Functionality built-in to emacs:
With point on the word in question, type
M-s h .
to highlight all occurrences. Note that this matches the entire word, not substrings. Repeat this multiple times, each is assigned a unique color.
M-s h u
allows you to select which word to un-highlight. There are a few other highlighting commands, type M-s h C-h
for a list.
For what it's worth, here is how I search for occurrences of a word.
For a quick overview, use swiper. It's quick and very good at giving you a overview of the word across the entire document, but is transient: once you use it to traverse to another occurrence, you have to engage swiper again to traverse elsewhere.
I-search.

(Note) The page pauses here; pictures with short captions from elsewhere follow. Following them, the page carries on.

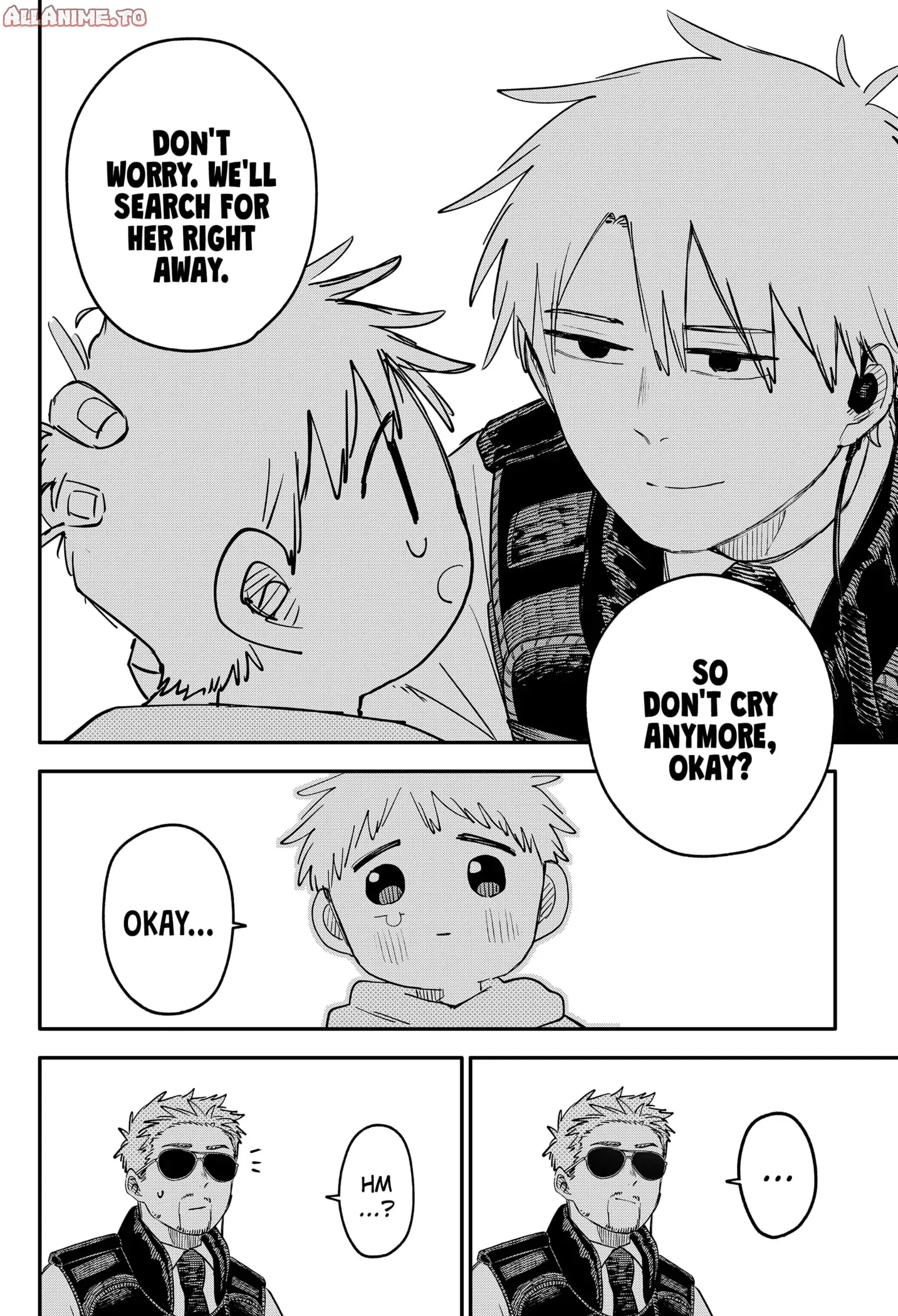 Read Kindergarten Wars EN Manga Online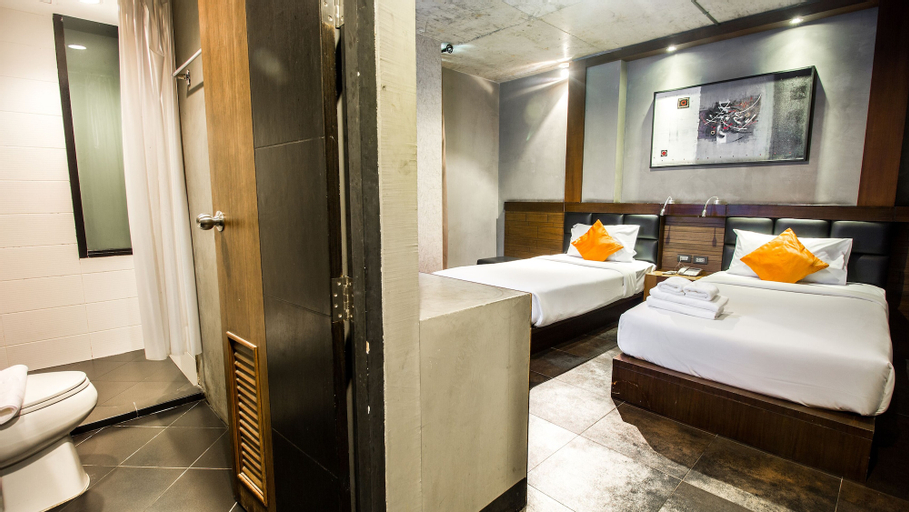 B2 Lampang Boutique & Budget Hotel, Muang Lampang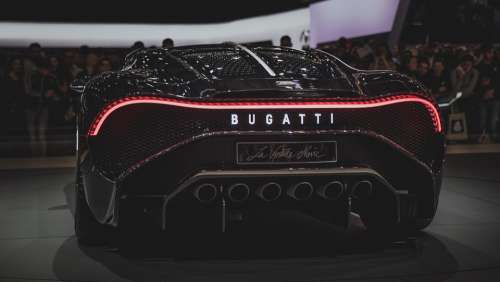 Auto Bugatti Automobile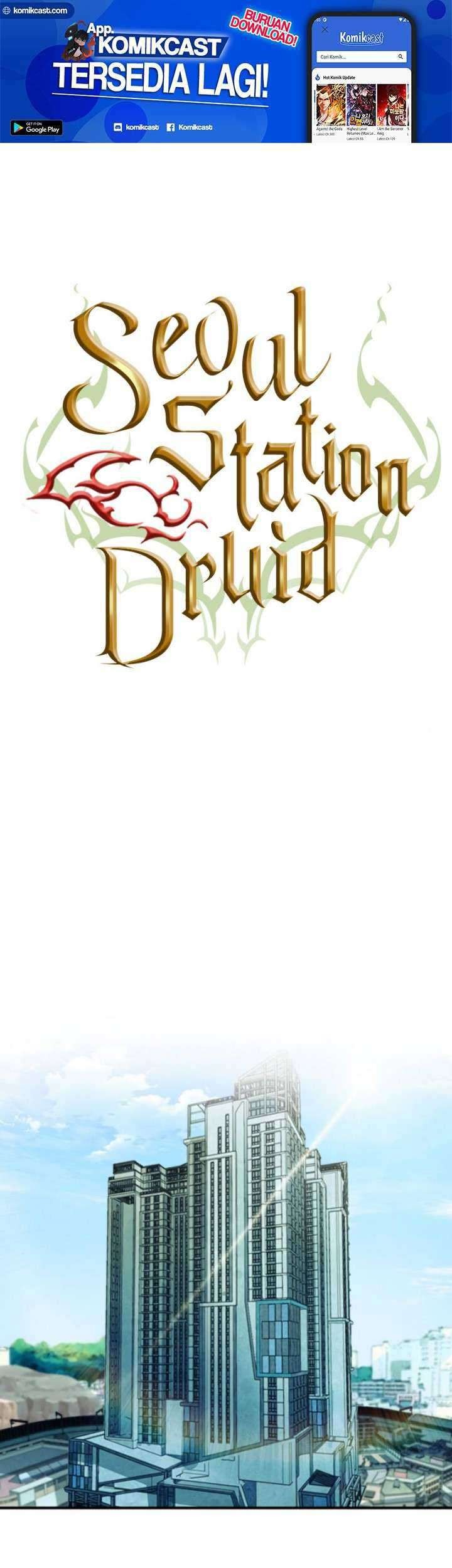 Manhwa Seoul Station Druid Chapter 06 gambar 2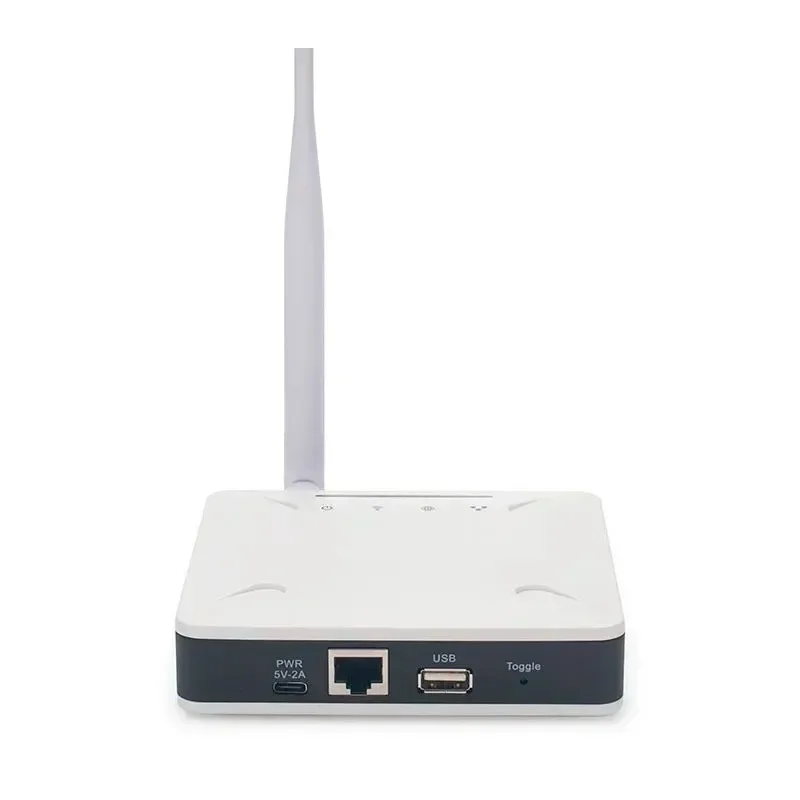 LPS8v2 Indoor Open-source LoRaWAN Gateway Fully Compatible with LoRaWAN Protocol Supports Remote Management
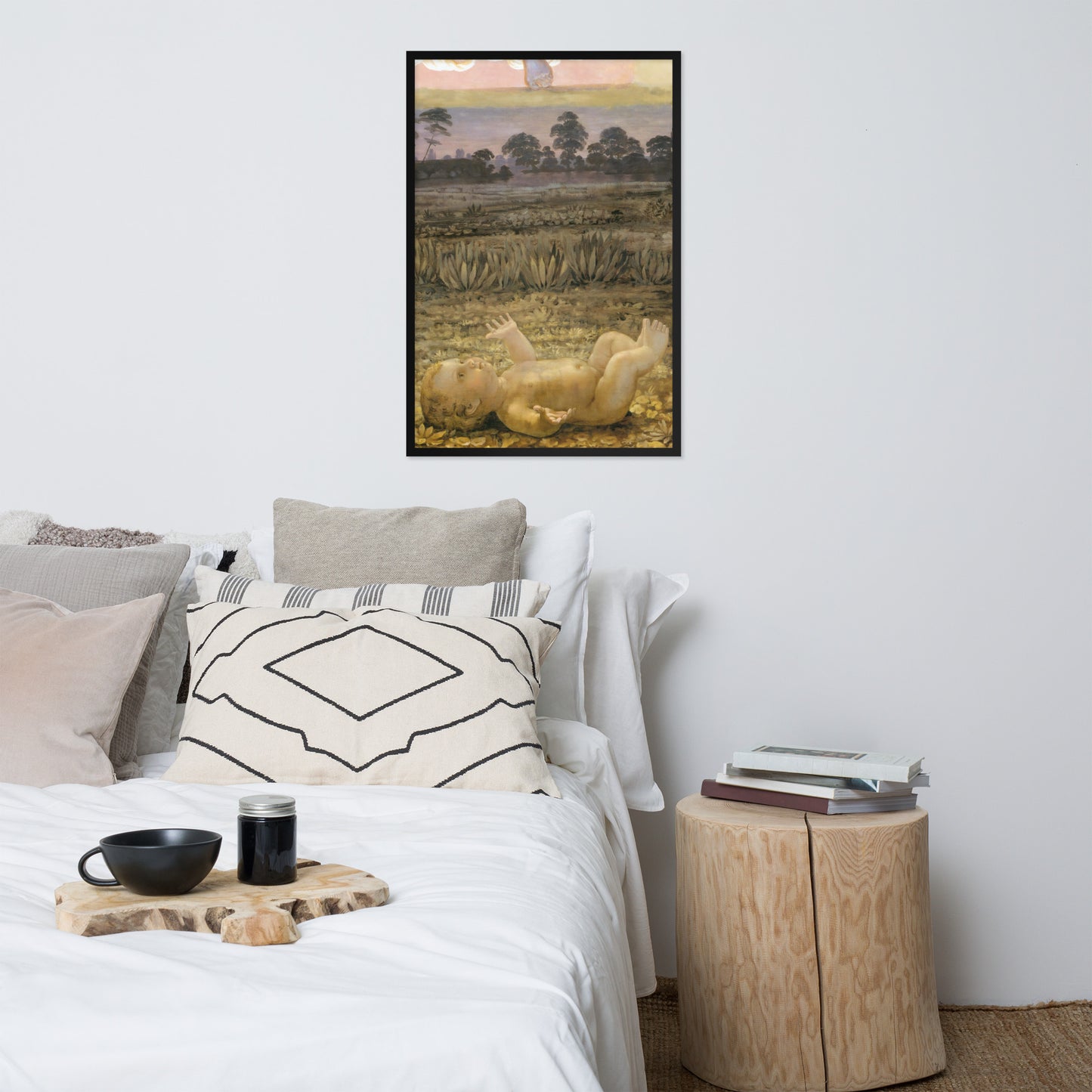 The Great Morning by Philipp Otto Runge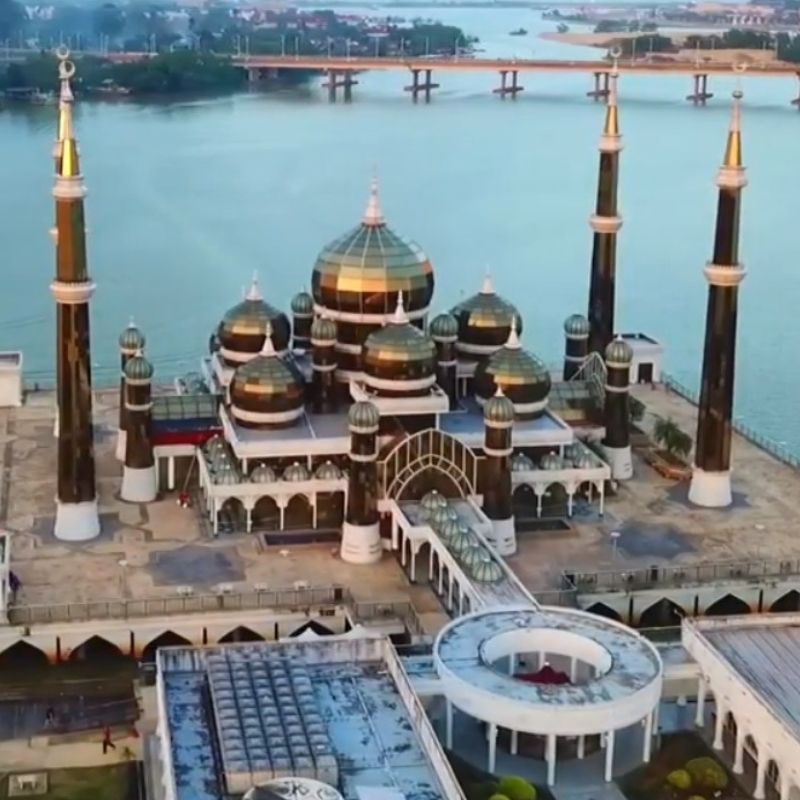 Most beautiful mosques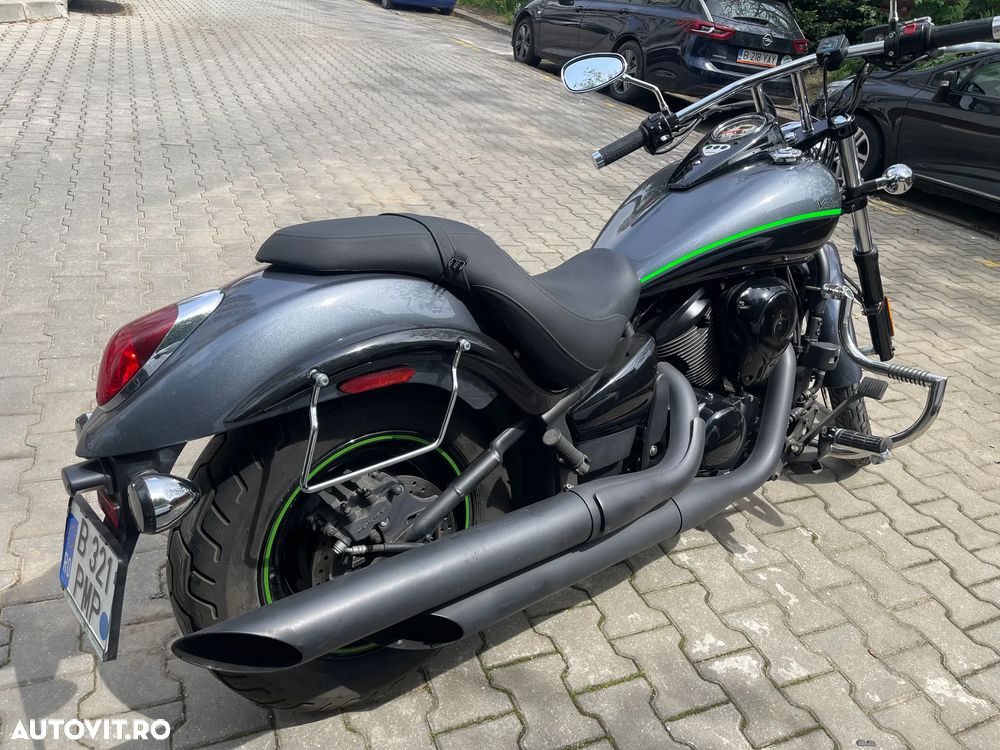 Kawasaki Vulcan - 10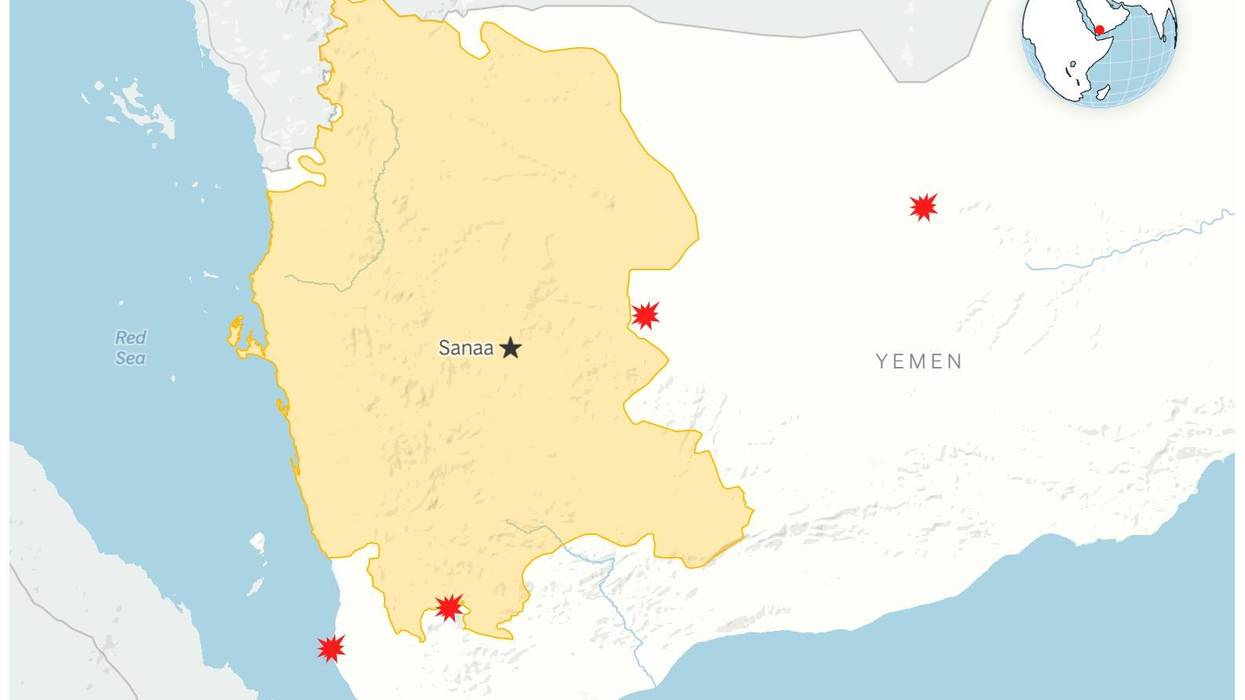 Mideast-Wars-Yemen-Map 9682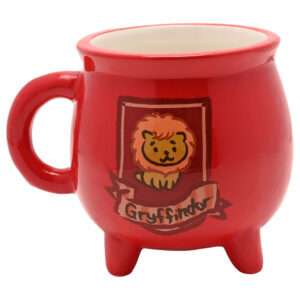 Harry Potter Gryffindor cauldron mug 450ml Widdop & Co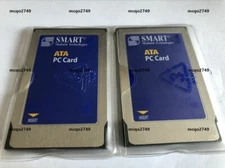 2PCS  SMART Modular Technologies ATA 1GB PC CARD SG9PC1GHYA9JPR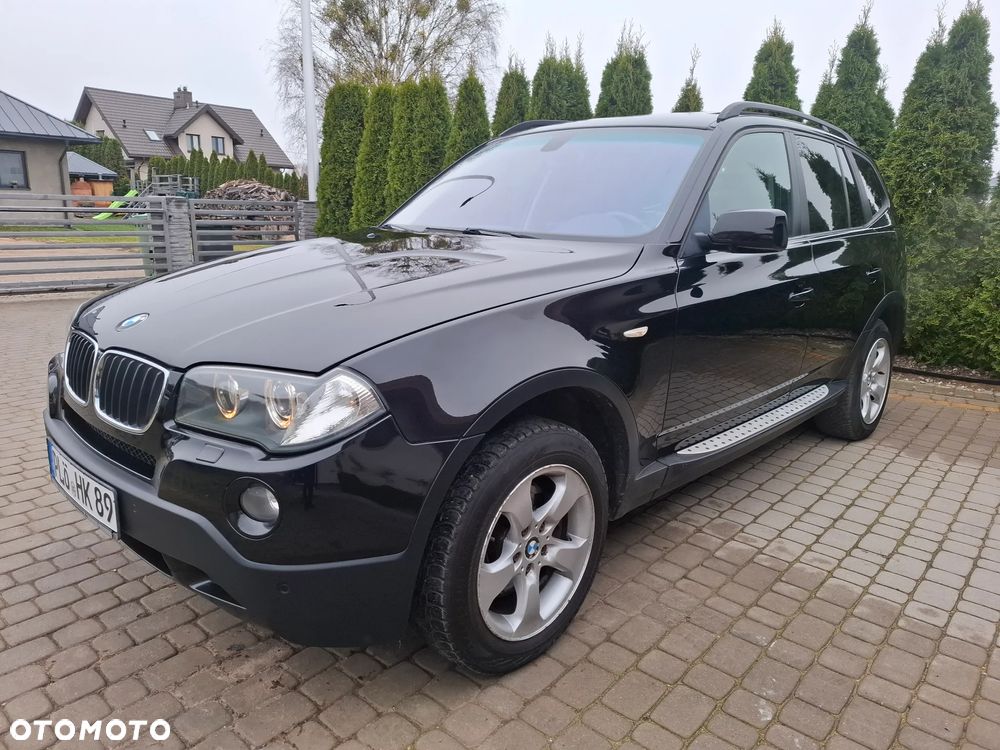 BMW X3 - 2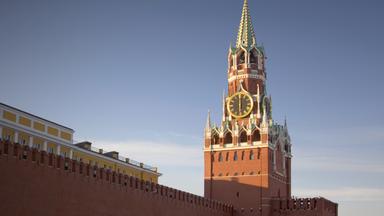 Der Kreml in Moskau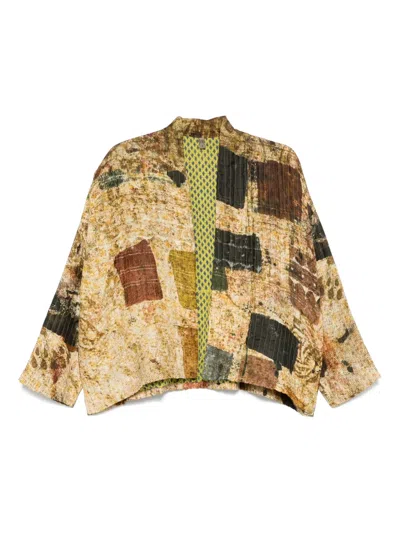 Yavi Silk Jacket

Still the most flexible search tool, and built-in to boot. Can easily search for substrings. Once you've found another occurrence, is quicker than swiper to find next (or prior) occurrence. You're still only seeing matches that currently fit on the screen, however. Has plenty of time-saving commands, which I only found out after years of using it, when I bothered to read the manual.
occur-mode. Pretty awesome, and built-in: M-s o
. Provides a persistent record of all matches for any regexp. May be the best option if you want to see and traverse through a list of all occurrences in a buffer. Easy to go back M-g p
and forward M-g n
, or jump to another occurrence.
Honorable mention goes to iedit. I don't use it often, but always enjoy it when I do. Hit the shortcut, and all matching occurrences are highlighted. Here's the bonus: start typing, and all occurrences are changed, not just the one where the cursor is. That's its basic idea. There are some fancy options, but I've not found the readme very clear about those.
I'll also mention idle-highlight. I've not used it, but it does advertise as doing what you describe. (Highlights other occurrences when cursor has been idle for a time.) Though I don't know if it handles substrings.